La magistrada Mónica Aralí Soto Fregoso encabezó su última reunión como titular de la Sala Superior del Tribunal Electoral del Poder Judicial de la Federación (TEPJF) el jueves 30 de octubre, marcando el final de su periodo al frente del órgano jurisdiccional especializado en materia electoral.
Balance y reconocimientos en el adiós institucional
Durante una sesión solemne, Soto Fregoso presentó su informe anual de actividades ante integrantes de la Suprema Corte de Justicia de la Nación (SCJN), a quienes agradeció, junto con sus colegas y equipo de trabajo, por el apoyo recibido durante su gestión. En su mensaje, admitió que su periodo enfrentó «desafíos», aunque afirmó haber dejado al tribunal como una «institución fuerte», «consolidada» y «unida en favor de la justicia electoral».
Destacó que su mandato se desarrolló en medio de procesos electorales de gran trascendencia, entre ellos la polémica elección de jueces, magistrados y ministros de la SCJN, en la que lideró una mayoría que rechazó sistemáticamente todas las impugnaciones que alertaban sobre irregularidades o ilegalidades en dicho proceso inédito.

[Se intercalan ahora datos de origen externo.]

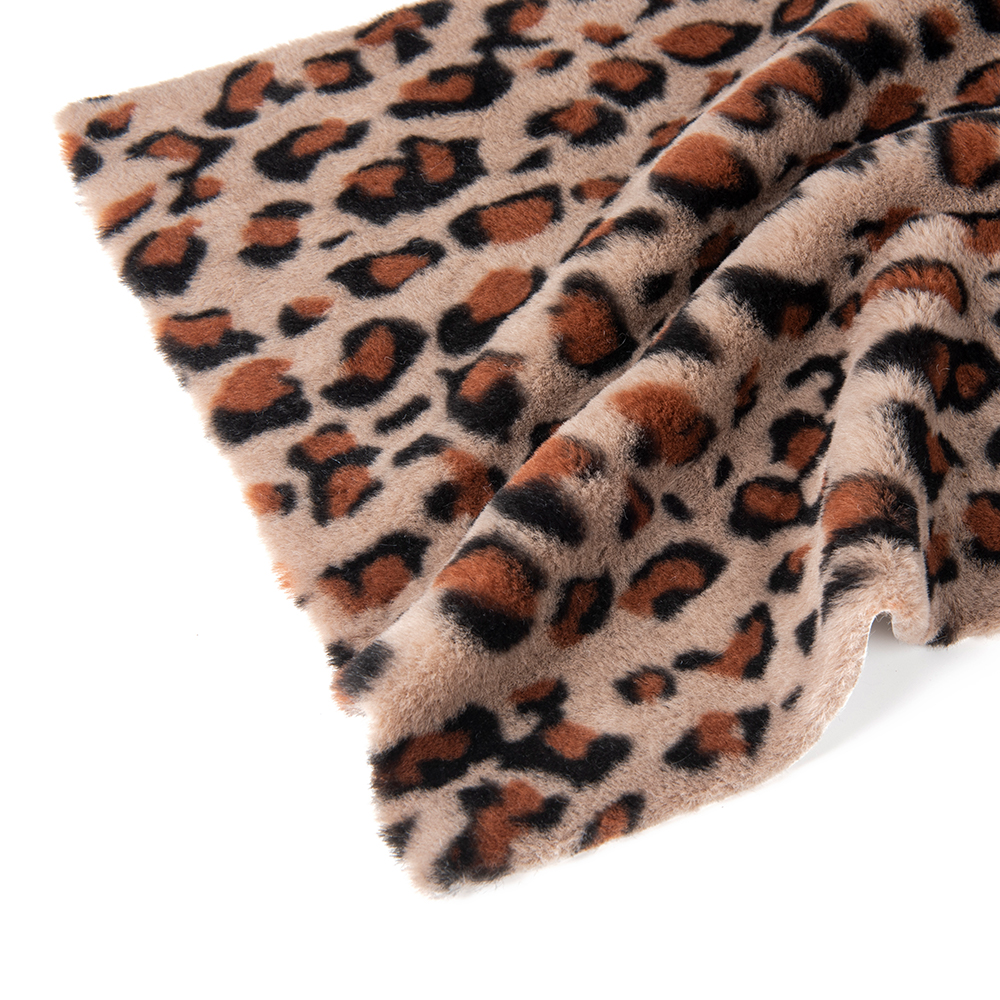 Customized Faux Rabbit Fur Fabric with Long Pile and Brushed Finish Density 133×100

Transición de poder y nuevos liderazgos
A partir del viernes 31 de octubre, la presidencia de la Sala Superior será asumida por Gilberto Bátiz Guzmán, quien resultó ganador en los comicios judiciales celebrados el 1 de junio. Su nominación fue impulsada a través de los «acordeones» distribuidos antes de la jornada electoral, con recomendaciones dirigidas a los votantes sobre sus preferencias.

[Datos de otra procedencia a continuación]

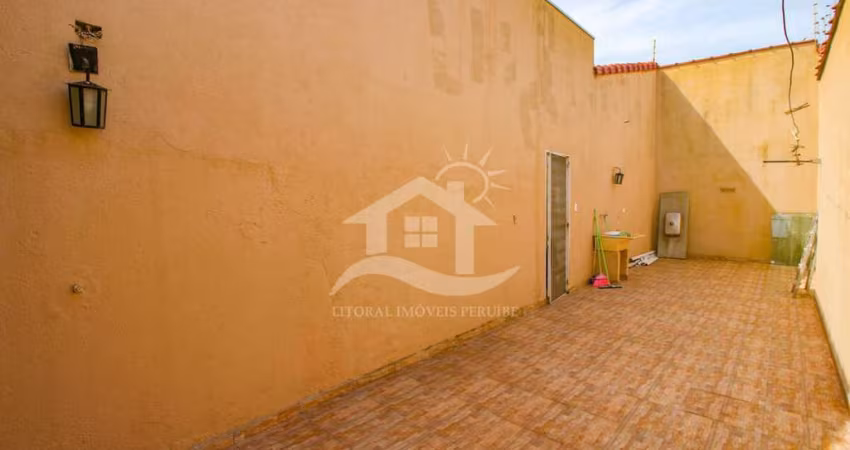 Casa Térrea à venda com piscina, 3 quarto(s),  sendo 1 suíte(s)  no bairro Beira Mar, 900 metros da praia, Peruíbe-SP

A pesar de que el periodo oficial de nueve años de Soto Fregoso concluye el 31 de octubre, permanecerá como integrante de la Sala Superior hasta 2027, aprovechando una disposición de la reforma judicial que permite a los magistrados continuar en funciones hasta el siguiente proceso electoral, programado en un par de años.
Contraste con una salida inmediata
En contraste, Janine Otálora Malassis, magistrada que ingresó al mismo tiempo que Soto en 2016, optó por no acogerse a ese beneficio y abandonará su cargo de forma inmediata. Durante su discurso de despedida, Soto rindió homenaje a Otálora, a pesar de las notorias diferencias ideológicas entre ambas, lo que generó una ovación prolongada en la sala.